Mania is every where. You detect it in the restless eye, the pallid cheek, the nervous step. It is whispered to us in breeze and gale, wafted to us by every stream. Like an ungovernable harpy, wounding us with its filthy breath and snatching from before us the food that nourishes us.

Those of your readers who date their nativity in town cannot regard this unsatisfactory harmonizing-if I may be allowed this seeming contradictory phrase-of city and country by steam, as a matter of interest. They have seen the countryman unsophisticated as he is, but they little dream of that quiet hearth-stone around which clusters innocence and virtue and the peace of the good man' which give him this simplicity, this confidence in his fellow.

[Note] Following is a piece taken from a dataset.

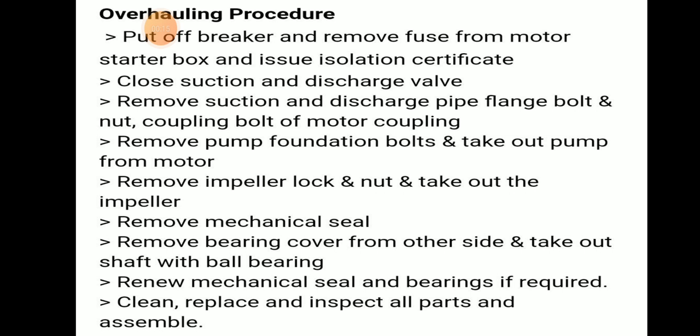The overhauling procedure means we have to put off the breaker and remove the fuse from the motor starter box and issue an isolation certificate. Then we have to close the suction and discharge valve.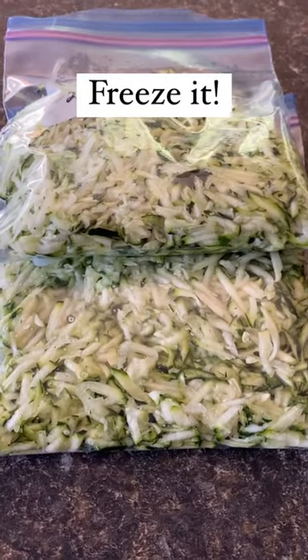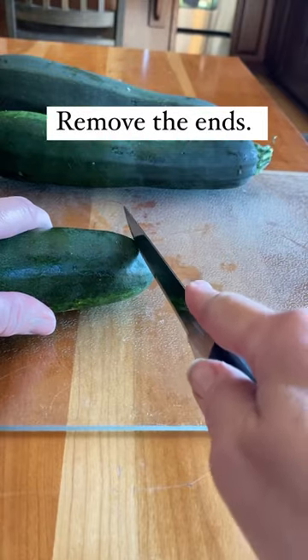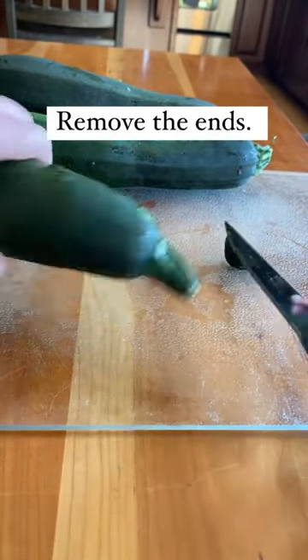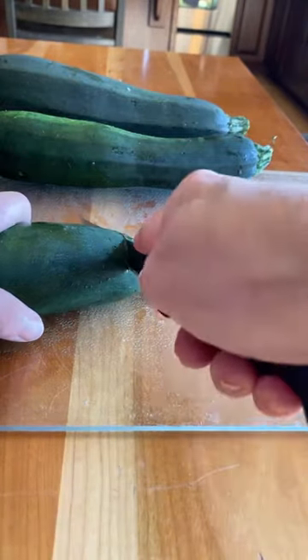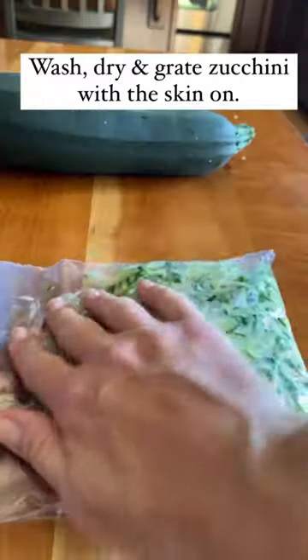Do you have way too many zucchini ready all at once? Just freeze some. This is a great way to store zucchini so that you've got it all winter long. I love to store it this way so that I can add it to things when I'm baking bread or even making pasta sauces.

They may smile at his awkwardness and wonder at his apparent stupidity, yet the good and the finer feelings are there, which they neither know nor court. Is it not better that this sincerity, this plainness, this freedom from artificiality, should continue established at the hearth-stone? Is it not better that this quiet, this virtue, should remain unmolested, uninterrupted? Can it be, so long as Steam is the currency, the food, drink, the 'wherewithal to clothe us?' Nor can these same denizens regard with much interest the existence of improvements, the parhelia of that sun that shall illumine both city and country alike. But that this is, we have evidences north, south, east, west, and all about. The road and marshy pass and lonesome wood have scarcely a pilgrim to awake sleeping echoes now. The iron racehorse has proved the valorous knight, and with its fearful impetus defies all competition.